Native American Tribes & the Indian History in Wheaton, Kansas
Far before the terms Native American or Indian were created, the tribes were spread throughout the Americas. Before any white man set foot on this territory, it was settled by the forefathers of bands we now call Sioux, or Cherokee, or Iroquois.
[ssad ssadblk=”Book choice”]For thousands of years, the American Indian developed its customs and heritage without interference. And that history is fascinating.

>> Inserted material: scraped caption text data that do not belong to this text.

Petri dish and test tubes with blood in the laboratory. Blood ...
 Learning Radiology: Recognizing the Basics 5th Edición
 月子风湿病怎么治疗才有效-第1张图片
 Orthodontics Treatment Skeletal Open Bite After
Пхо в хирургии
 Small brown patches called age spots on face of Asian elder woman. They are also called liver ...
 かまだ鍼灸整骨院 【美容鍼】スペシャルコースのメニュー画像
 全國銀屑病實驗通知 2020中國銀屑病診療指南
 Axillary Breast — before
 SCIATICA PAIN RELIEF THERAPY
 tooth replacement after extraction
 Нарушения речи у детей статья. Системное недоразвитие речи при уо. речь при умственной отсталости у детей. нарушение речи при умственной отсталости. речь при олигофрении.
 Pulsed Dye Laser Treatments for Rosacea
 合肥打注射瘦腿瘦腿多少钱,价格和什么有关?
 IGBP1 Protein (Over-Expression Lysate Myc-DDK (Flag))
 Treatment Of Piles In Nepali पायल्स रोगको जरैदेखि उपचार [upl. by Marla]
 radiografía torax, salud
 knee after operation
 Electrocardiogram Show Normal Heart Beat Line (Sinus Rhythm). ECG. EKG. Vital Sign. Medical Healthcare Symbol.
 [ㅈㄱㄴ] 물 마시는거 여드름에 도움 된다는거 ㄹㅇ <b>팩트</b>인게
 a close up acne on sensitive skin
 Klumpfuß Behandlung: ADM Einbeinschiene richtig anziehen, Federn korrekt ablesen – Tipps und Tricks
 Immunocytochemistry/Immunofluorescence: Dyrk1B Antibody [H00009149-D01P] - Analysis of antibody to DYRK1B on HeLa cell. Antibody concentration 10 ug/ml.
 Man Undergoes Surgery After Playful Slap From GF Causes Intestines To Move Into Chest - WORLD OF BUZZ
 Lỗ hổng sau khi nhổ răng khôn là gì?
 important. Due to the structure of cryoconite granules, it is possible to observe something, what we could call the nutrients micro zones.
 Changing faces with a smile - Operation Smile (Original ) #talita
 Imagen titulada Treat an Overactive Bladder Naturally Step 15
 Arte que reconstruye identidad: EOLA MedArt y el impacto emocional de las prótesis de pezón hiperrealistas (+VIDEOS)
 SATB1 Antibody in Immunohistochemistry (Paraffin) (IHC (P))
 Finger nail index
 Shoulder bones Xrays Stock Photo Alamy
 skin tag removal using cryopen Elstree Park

From Mayan and Incan ruins, from the mounds left in the central and southern regions of what’s today the U.S. we have learned much. It’s a narrative of beautiful craft work and deep spirituality. Archaeologists have unearthed highly elaborate structures and public works.
While there was unavoidable tribal conflict, that was nothing more than a slight blemish in the narrative of our ancestors. They were at peace with this beautiful continent and intensely plugged into nature.
The European Settler Arrives
When European leaders sent the first vessels in this direction, the goal was to explore new resources – however the quality of environment and the bounty of everything from timber to wildlife soon changed their tune. As those leaders learned from their explorers, the drive to colonize spread like wildfire.
The English, French and Spanish rushed to slice up the “New World” by sending over inadequately prepared colonists as fast as they could. At first, they skirmished with the surprised Indians of America’s eastern seaboard. But that soon gave way to trade, because the Europeans who arrived here understood that their survival was doubtful without Indian help.
Thus followed decades of relative peace as the settlers got themselves established on American land. But the pressure to push inland came soon after. Kings and queens from thousands of miles away were restless to find even more resources, and some colonists came for freedom and adventure.
They required more space. And so began the process of pushing the American Indian out of the way.
It took the form of cash payments, barter, and notoriously, treaties that were nearly consistently neglected once the Indians were forced away from the land in question.
The U.S. government’s policies towards Native Americans in the second half of the nineteenth century were motivated by the desire to expand westward into territories occupied by these Native American tribes. By the 1850s almost all Native American tribes, roughly 360,000 in number, lived to the west of the Mississippi River. These American Indians, some from the Northwestern and Southeastern territories, were confined to Indian Territory situated in present day Oklahoma, while the Kiowa and Comanche Native American tribes shared the territory of the Southern Plains.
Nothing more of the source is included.